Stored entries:

╔══

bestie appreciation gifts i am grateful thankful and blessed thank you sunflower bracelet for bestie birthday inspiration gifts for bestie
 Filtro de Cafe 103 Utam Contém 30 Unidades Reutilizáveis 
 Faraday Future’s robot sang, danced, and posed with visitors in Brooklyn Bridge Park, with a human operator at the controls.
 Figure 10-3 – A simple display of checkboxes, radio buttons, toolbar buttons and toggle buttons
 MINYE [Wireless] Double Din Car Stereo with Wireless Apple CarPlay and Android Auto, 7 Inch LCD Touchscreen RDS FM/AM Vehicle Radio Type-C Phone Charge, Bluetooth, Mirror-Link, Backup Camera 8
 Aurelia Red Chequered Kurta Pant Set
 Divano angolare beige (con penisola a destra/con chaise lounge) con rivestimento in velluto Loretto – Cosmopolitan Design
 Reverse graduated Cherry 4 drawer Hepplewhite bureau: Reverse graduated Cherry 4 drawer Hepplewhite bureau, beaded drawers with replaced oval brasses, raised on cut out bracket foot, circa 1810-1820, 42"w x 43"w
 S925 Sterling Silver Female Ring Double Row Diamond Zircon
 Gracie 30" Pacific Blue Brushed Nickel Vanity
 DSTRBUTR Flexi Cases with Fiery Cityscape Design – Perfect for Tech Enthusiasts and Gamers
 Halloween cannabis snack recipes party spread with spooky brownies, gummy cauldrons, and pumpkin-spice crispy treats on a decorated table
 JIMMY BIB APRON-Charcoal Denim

╚══

**WORK INSTRUCTIONS**: Using the data above, repeat exactly the lines that begin at the line with "MINYE [Wireless] Double" and end at the line with "Reverse graduated Cherry 4 drawer Hepplewhite bureau: Reverse", both ends included.

**SOLUTION BELOW**:
 MINYE [Wireless] Double Din Car Stereo with Wireless Apple CarPlay and Android Auto, 7 Inch LCD Touchscreen RDS FM/AM Vehicle Radio Type-C Phone Charge, Bluetooth, Mirror-Link, Backup Camera 8
 Aurelia Red Chequered Kurta Pant Set
 Divano angolare beige (con penisola a destra/con chaise lounge) con rivestimento in velluto Loretto – Cosmopolitan Design
 Reverse graduated Cherry 4 drawer Hepplewhite bureau: Reverse graduated Cherry 4 drawer Hepplewhite bureau, beaded drawers with replaced oval brasses, raised on cut out bracket foot, circa 1810-1820, 42"w x 43"w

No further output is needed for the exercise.